If you find that some CVEs referenced link website contain potential commits, you can add the parsed commit URLs to mining_commit_urls_from_reference_urls.

Add more git platform

All git platforms inherit from GitPlatformBase, and you need to implement all of its methods to extend a new git platform.

Tree-sitter enhance

We have extended the grammar of tree-sitter to recognize more C/C++ macros (e.g. asmlinkage, UNUSED) from other projects such as linux.

The modified tree-sitter grammar file can be found here: grammar.js.

Add more language

Our function separator depends on tree-sitter, such as ParserC.

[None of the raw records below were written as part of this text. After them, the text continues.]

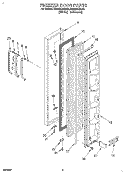 FREEZER DOOR Diagram and Parts List for RS20EKXBW00  Roper Refrigerator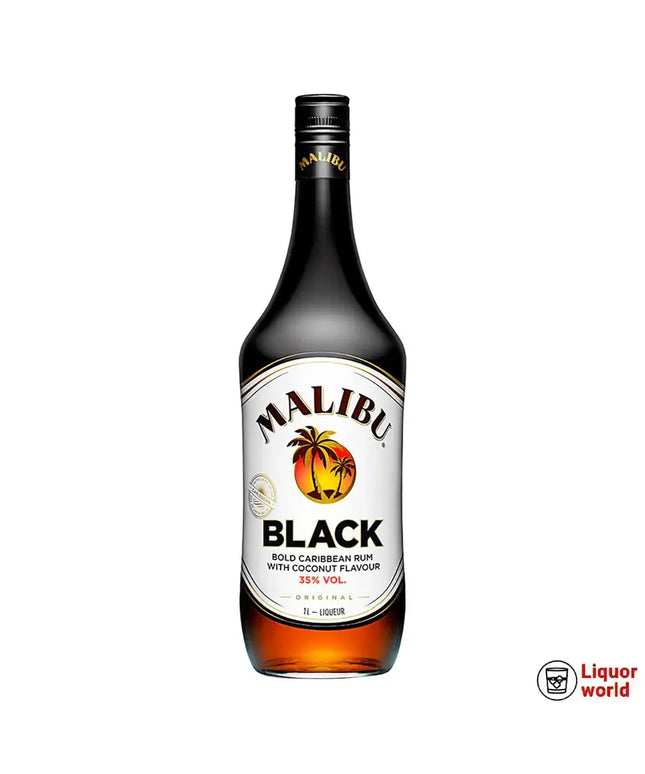Malibu Black Liqueur 1000ml - Liquorworld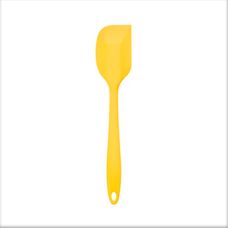 Espátula de Silicone Reta Pão Duro Amarela - Oikos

If you want to extend function separator for more languages, such as Java you can use tree-sitter-java to extend ParserBase.

📚 Appendix

MegaVul Statistics

MegaVul(C/CPP) MegaVul(Java) Big-Vul
Number of Repositories 1062 362 310
Number of CVE IDs 8476 775 3539
Number of CWE IDs 176 115 92
Number of Commits 9288 902 4058
Number of Vul/Non-Vul Function 17975/335898 2433/39516 10900/177736
Success Rate of Graph Generation 87% 100% None

Updated: 2024/04

Specification

For dataset specification and graph specification, please refer to SPECIFICATION.md

Citation

If you use MegaVul for your research, please cite our MSR(2024) paper:

@inproceedings{ni2024megavul,
  title={MegaVul: A C/C++ Vulnerability Dataset with Comprehensive Code Representations},
  author={Ni, Chao and Shen, Liyu and Yang, Xiaohu and Zhu, Yan and Wang, Shaohua},
  booktitle={2024 IEEE/ACM 21st International Conference on Mining Software Repositories (MSR)},
  pages={738--742},
  year={2024},
  organization={IEEE}
}

License

MegaVul is licensed under the GPL 3.0, as found in the LICENSE file.